However, that’s part of it’s charm.
We successfully navigated the country roads, locating Back in Thyme Gardens in about half an hour, driving from Joplin. I’m so glad that we decided to follow curiosity and check it out. Truthfully, my mom had me at the word “garden”. It’s so much more than that though.
Creating Back in Thyme Gardens & Culinary Center
Owners John and Brenda Coleman created the gardens four years ago, in an empty field across the road from their home. It could properly be called a hobby farm. However, I know from working in my own backyard garden that this hobby requires a great deal of work and maintenance.
A hobby farm is defined as a small farm operated for pleasure or for supplemental income, rather than being a source of primary income.
I don’t know if this is true for John and Brenda. It’s evident that Back in Thyme thrives under their continual care and they do take pleasure in their gardens. This place is truly a work of art and a labor of love, with emphasis on the labor part.
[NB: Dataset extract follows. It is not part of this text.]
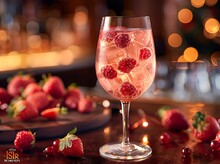 a glass of pink drink with strawberries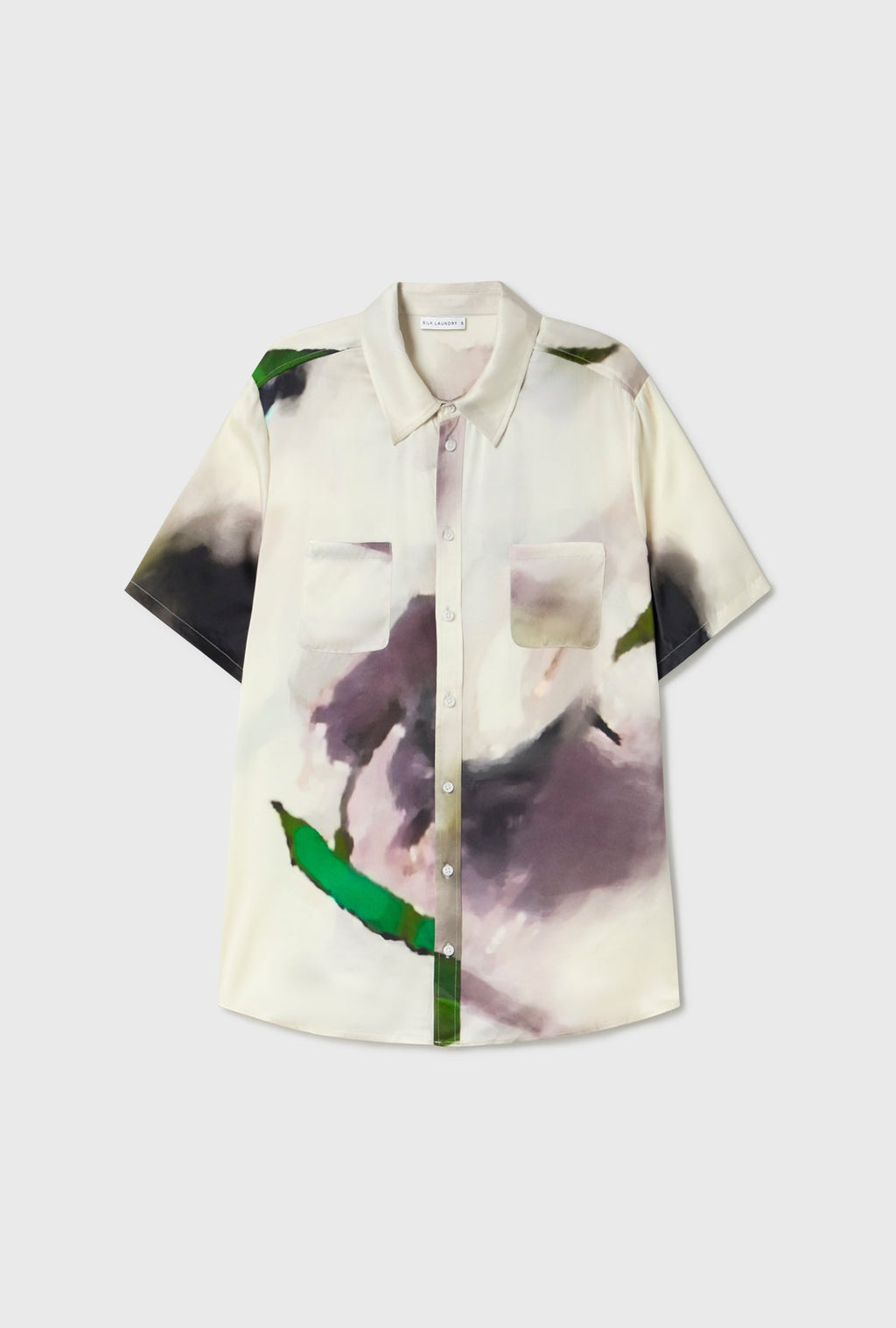 Silk Laundry Short Sleeve Boyfriend Shirt - Phosphate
Back in Thyme Gardens & Culinary Center is open Thursday through Saturday, from spring until early summer. Along with the gardens to wander through, there are nursery plants for sale, a retail center and a delightful assortment of friendly animals. While there are items for sale, it does not cost anything to explore this magical place. Guests are encouraged to ask questions, smell the flowers and nibble on the edible plants.
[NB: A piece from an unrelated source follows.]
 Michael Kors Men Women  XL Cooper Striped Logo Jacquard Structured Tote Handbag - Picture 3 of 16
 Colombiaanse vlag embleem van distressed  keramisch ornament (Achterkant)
The Inhabitants of Back in Thyme Gardens
Mom and I arrived at the gardens just as they opened for the day. I laughed as soon as we stepped out of the car. Gracie the dog greeted us, along with the cutest trio of animals I’ve ever seen. Two pot belly pigs grunted a welcome to us as they crowded eagerly against the fence.
Of course I had to get closer. What made me laugh, however, was their sidekick friend tagging along. She’s a turkey! These three stayed side by side in their enclosure, obviously best buds.
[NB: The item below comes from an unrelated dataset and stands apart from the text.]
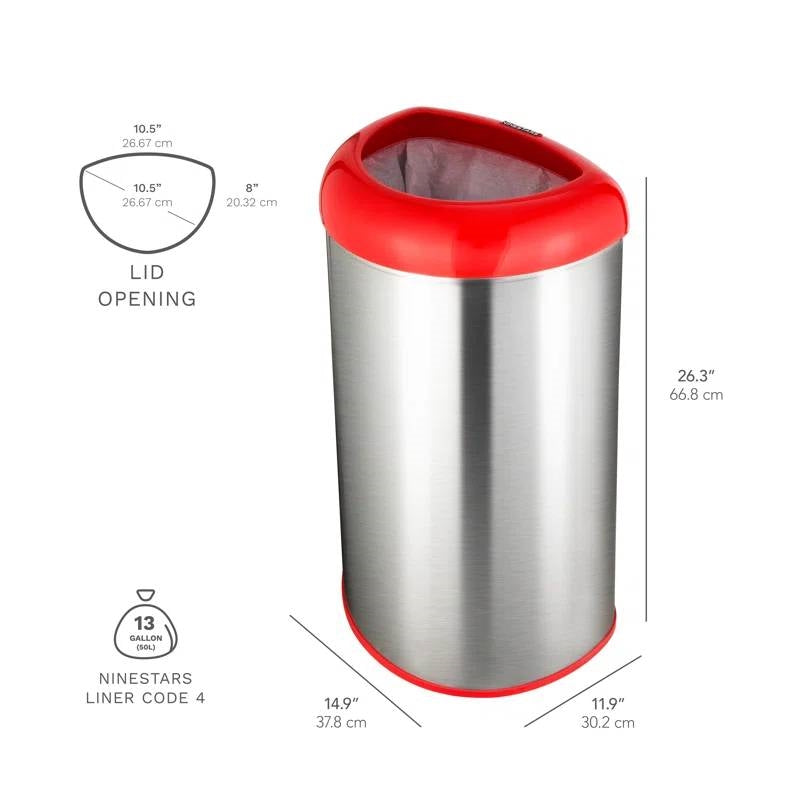 13-Gallon Stainless Steel Trash Can with Red Open Top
As we entered the gardens, the trio trotted across their pen to meet us on the interior side. I couldn’t resist. I scratched their snouts, which the pigs seemed to enjoy, and petted the turkey.
It was equally fun to visit the chicken enclosure and watch all the chicks come running! These well cared for animals appear to enjoy human interaction. The ducks waddled over to check us out as well and preen a bit. The back of the gardens contains bee hives. We stayed clear of those, so as not to disturb them.
Exploring Back in Thyme Gardens
I love that one can stand in any spot and see most of the gardens, and yet there are many paths to wander down and alcoves to explore.
We took our time walking down each pathway.
Colorful flowers spill over huge metal tubs. Herbs share space with veggies and fruits. It was fun to identify each plant we found, or failing to come up with a name, look at the little signs. I like that the gardens are a mix of many plants. It’s how I garden, with a certain amount of riotous chaos. It makes for an interesting and beautiful space.
We spied an Alice in Wonderland themed garden. And alcoves both large and small intrigued us with statues, plants and repurposed items.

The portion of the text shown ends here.